# Houston rats looking to re-home



## kaozz77 (Feb 21, 2009)

I recently bought my son a rat, then I found out they need to live in pairs at least.. so I got him another. One is about 6 weeks old and the other is a very small baby. 

Thing is the older one is skittish and he has bit my son after about a week having him. He is terrified of them now so I just don't think it is going to work out. He really loved them till he got bit. 

I could take them to the pet store and get a refund but I really hate the idea of doing that after all they are so much happier now than in the tanks at the shop it seems. So I just wanted to see if I could find them a loving home together instead. The baby really seems to be fond of the bigger one! They are adorable. 

If anyone around Houston Texas is interested in providing a loving home for these guys please email me at [email protected]

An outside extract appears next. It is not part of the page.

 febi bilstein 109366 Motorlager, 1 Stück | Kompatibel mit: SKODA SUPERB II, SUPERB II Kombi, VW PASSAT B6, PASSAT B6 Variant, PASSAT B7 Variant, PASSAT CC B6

Here is a picture of them also: http://img4.imageshack.us/my.php?image=babies.jpg


----------



## Stace87 (Jun 24, 2008)

How old is your son? What was going on with he was bitten? Has anyone had him out since and if so how was he? If it was a week after you'd had him - it doesn't sound like he's an aggressive rat (which isn't very common anyway). Could someone else handle them both and then show your son? It would be a shame to let them go to a new home.


----------



## kaozz77 (Feb 21, 2009)

My son is 12, so he just got startled. It wasn't that the rat was being mean, he was just startled while he was being picked up and bit. But my son acted as if he had bit his arm off instead of a small bite heh. He is a sweet little guy, we/I handle them daily, but he does not want to mess with that one anymore and it's a lot on me to do it w/o help currently.


----------



## Stace87 (Jun 24, 2008)

Any update on the two ratties?


----------